From oleg at okmij.org Fri Aug 27 16:51:43 2004
To: haskell@haskell.org
Subject: Applicative translucent functors in Haskell
Message-ID: <20040827235143.2BDF7AB7E@Adric.metnet.navy.mil>
Date: Fri, 27 Aug 2004 16:51:43 -0700 (PDT)
X-comment: (July 2010) Added LANGUAGE pragma, corrected URLs
Status: RO


ML is known for its sophisticated, higher-order module system, which
is formalized in Dreyer-Crary-Harper language. A few months ago
Chung-chieh Shan showed a complete translation of that language into
System F-omega:
	http://www.cs.rutgers.edu/~ccshan/xlate/xlate.pdf

Chung-chieh Shan has concluded that languages based on F-omega, such
as Haskell with common extensions, already support higher-order
modular programming. In fact, his paper showed a sample Haskell
translation of the most complex and interesting ML module expression:
a translucent applicative functor. Different instantiations of the
functor with respect to type-compatible arguments are type-compatible;
and yet the functor hides the representation details behind the
unbreakable abstraction barrier.

Dreyer-Crary-Harper language and System F-omega are deliberately
syntactically starved, to simplify formal analyses. Therefore, using
the results of Chung-chieh Shan's paper _literally_ may be slightly
cumbersome. This message is an attempt to interpret some of
Chung-chieh Shan's results in idiomatic Haskell with the full use of
type classes. We will also show that type sharing constraints can be
expressed in a scalable manner, so that the whole translation is
practically usable. Thus we can enjoy the sophisticated, first-class
higher-order module system in today's Haskell. No new extensions are
required; furthermore, even undecidable instances (let alone
overlapping instances) are not used. This message has been inspired by
Chung-chieh Shan's paper and has greatly benefited from several
conversations with him.


Throughout this message we will be using an example of polymorphic
sets parameterized by an element-comparison function. Our example is
an extended version of the example in Chung-chieh Shan's paper. We will also be
using OCaml syntax for module expressions, which, IMHO, makes a little
bit more sense.  We abuse the terminology and use the word 'module' to
also mean what ML calls 'structure'.

This message is both Haskell and OCaml literate code. It can be loaded in
GHCi or Hugs -98 as it is. To get the OCaml code, please filter the text
of the message with "sed -n -e '/^}/ s/^} //p'"

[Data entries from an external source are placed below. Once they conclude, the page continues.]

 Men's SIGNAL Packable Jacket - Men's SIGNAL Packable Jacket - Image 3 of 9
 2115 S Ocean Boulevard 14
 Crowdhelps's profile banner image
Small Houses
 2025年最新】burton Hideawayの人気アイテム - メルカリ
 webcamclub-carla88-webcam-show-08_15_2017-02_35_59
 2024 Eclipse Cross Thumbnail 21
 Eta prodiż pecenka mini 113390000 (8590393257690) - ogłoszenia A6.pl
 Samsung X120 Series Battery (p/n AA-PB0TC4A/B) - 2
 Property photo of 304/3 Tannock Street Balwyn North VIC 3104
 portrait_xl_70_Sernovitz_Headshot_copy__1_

> {-# LANGUAGE Rank2Types, ExistentialQuantification, ScopedTypeVariables #-}
> {-# LANGUAGE MultiParamTypeClasses, FlexibleInstances #-}
> {-# LANGUAGE FunctionalDependencies #-}
> module TranslucentAppFunctor where

Our goal in this message is to produce implementations of a SET
interface:

} module type SET = sig
}   type element
}   type set
}   val empty  : set
}   val add    : element -> set -> set
}   val member : element -> set -> bool
} end;;

This is the OCaml declaration of a type of a collection made of two
type declarations and three value declarations. Such collections are
called structures (or, modules, by abuse of the terminology) and
their types are called signatures. The concise description of the
OCaml module language can be found at

	http://caml.inria.fr/pub/docs/manual-ocaml/manual004.html

We should point out that the types 'element' and 'set' are abstract --
the right-hand side of the corresponding type declarations is
empty. In ML, a single colon adds a type annotation whereas a double
colon is a list constructor -- in Haskell, it is just the opposite.
The corresponding SET signature in Haskell is well-known:

> class SET element set | set -> element where
>     empty  :: set
>     add    :: element -> set -> set
>     member :: element -> set -> Bool

We shall build an implementation of SET parameterized by the element
comparison function. The comparison function's interface is to be
described by its own signature, ORD. We shall define two different
instances of ORD and instantiate the SET functor with those two
instances. To make the game more interesting, our implementation of
the ORD interface will itself be parameterized by the ENUM interface,
which maps elements in a totally ordered domain into integers. So, the
comparison function will use that mapping to derive the element
comparison. Thus our game plan is: 
  - introduce the ENUM interface, 
  - define two implementations of the ENUM interface,
  - introduce two different ENUM->ORD transparent functors,
  - instantiate the functors yielding four implementations of the
    ORD interface,
  - introduce a translucent ORD->SET applicative functor,
  - instantiate it obtaining different implementations of SET
  - run a few tests, to illustrate applicativity of the functor and
    the abstraction barrier

We start with the ENUM interface:

} module type ENUM = sig
}   type e
}   val fromEnum: e -> int
} end;;

and its two implementations. One of them is

} module IntEnum : (ENUM with type e = int) = struct
}   type e = int
}   let fromEnum x = x
} end;;

We wrote a module expression -- a collection of one type definition
and one (functional) value definition, and told the compiler its
explicit type, ENUM. The stuff after 'with' is a type sharing
constraint: the type of IntEnum is ENUM such that the type ENUM.e is
int. The explicit type annotation can be dropped:

} module CharEnum = struct
}   type e = char
}   let fromEnum x = Char.code x
} end;;


The corresponding code in Haskell is
  <empty>

Indeed, the standard Enum type class in Haskell serves our
purpose. The class declaration plays the role of the signature
declaration, with instances providing the implementation. It's all
part of the Prelude, so we have nothing to write here.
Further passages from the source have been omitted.